▸ **ASSIGNMENT**
Retype nothing except the lines below from the one with "Bee Cotton Pillow" through the one with "LUUFILx Valentine's Day", exactly, with images left out.

▸ **EXTRACTED ENTRIES**
···
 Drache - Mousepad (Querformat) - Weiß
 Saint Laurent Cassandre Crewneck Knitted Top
···
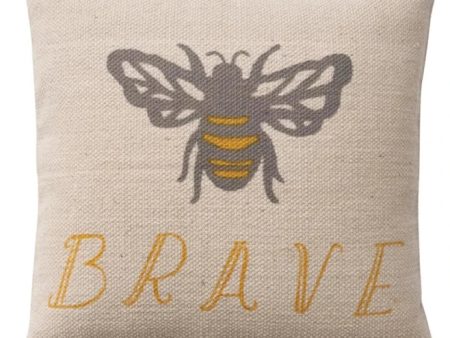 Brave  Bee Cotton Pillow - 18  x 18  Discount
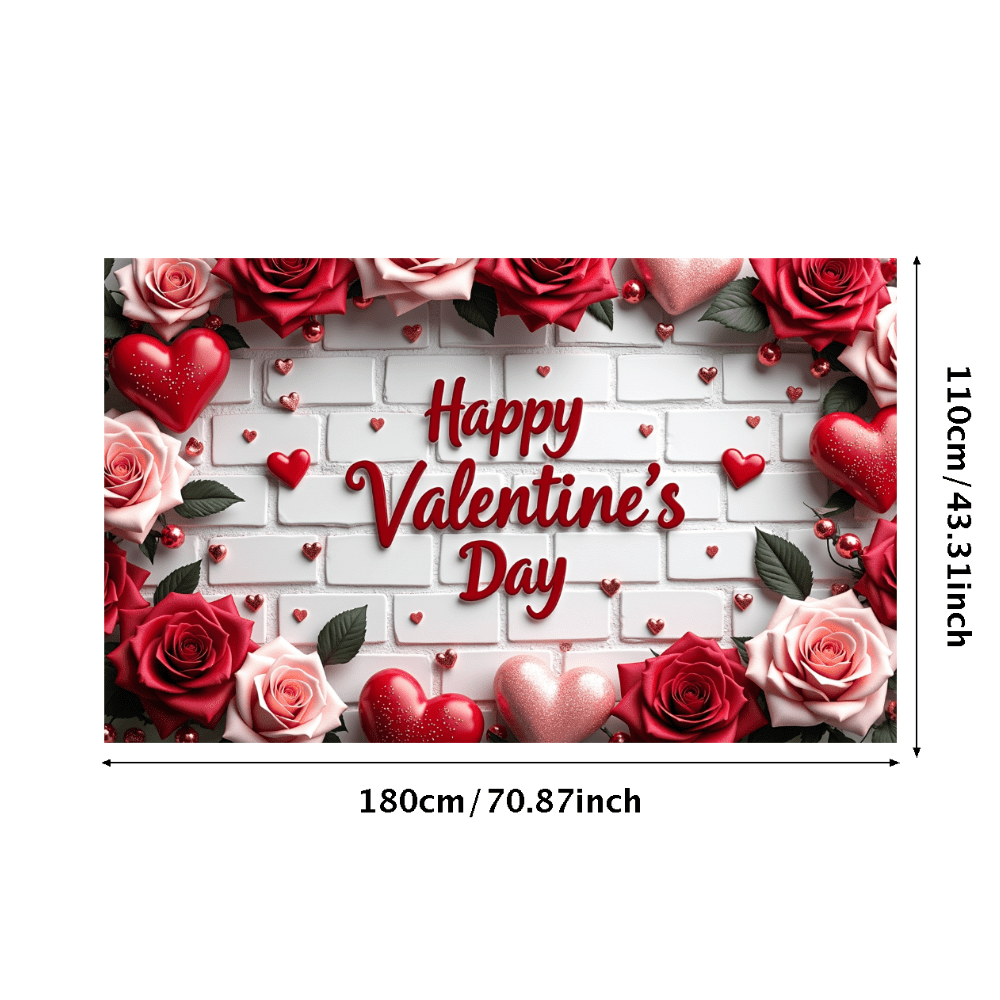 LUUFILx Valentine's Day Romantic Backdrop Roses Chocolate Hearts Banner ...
···
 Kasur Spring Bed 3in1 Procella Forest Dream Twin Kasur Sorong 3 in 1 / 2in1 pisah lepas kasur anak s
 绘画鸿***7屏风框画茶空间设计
···
▸ **ANSWER AREA**
 Brave  Bee Cotton Pillow - 18  x 18  Discount
 LUUFILx Valentine's Day Romantic Backdrop Roses Chocolate Hearts Banner ...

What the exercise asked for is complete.